Since the early- to mid-1980s, the S&P 500 Index has generated disproportionate gains on days when the Fed’s rate-setting committee has revealed its decisions, whether they eased or tightened monetary policy, according to new findings from investment firm GMO. This effect became huge in the aftermath of the crisis as the Fed and other central banks bought bonds in a wave of so-called quantitative easing. It has since subsided, but it’s still meaningful compared to typical market days and the non-existent impact of the Fed before 1983.
Overall, days with Federal Open Market Committee meetings account for a whopping 25 percent of the total real returns on U.S. stocks since 1984, according to the research. There may be legitimate reasons for markets to respond positively to the certainty of a decision, but this result looks extreme.

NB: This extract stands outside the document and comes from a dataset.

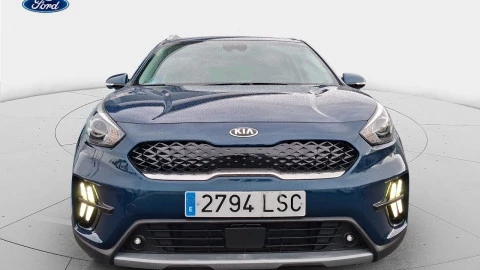 Kia Niro 1.6 GDi HEV 104kW (141CV) Drive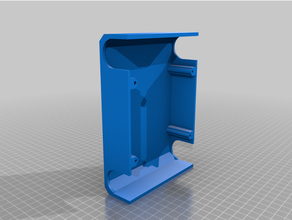 mecanum ruote robot 3d print model - Mito3D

Strip Fed days out, and the punchy roughly 26 times price-to-earnings ratio powering the stock index, as adjusted for cyclical effects by economist Robert Shiller, would fall below 15 times, eyeballing GMO’s chart. Put another way, stock-market prices would be little more than half as high as they are now.
What’s most surprising is how far back the pattern goes. It begins even before Alan Greenspan – who became famous enough for his perceived willingness to rescue stocks with monetary policy that investors coined the “Greenspan put” – became Fed chairman.
The central bank has a mandate that should look past market swings, even if financial conditions are relevant. Yet some members of the FOMC under Chair Janet Yellen have seemed unduly worried about volatility of late, avoiding even modest interest-rate increases for fear of roiling investors.
The GMO results could help explain why. The Fed and the market may be feeding off each other, with market players concluding that everything Yellen and her colleagues do is beneficial, and the FOMC placing too much weight on the market reaction. It’s another reason for the Fed to stiffen its backbone, even if a break in the mutual dependence eventually brings a sobering stock-market slump.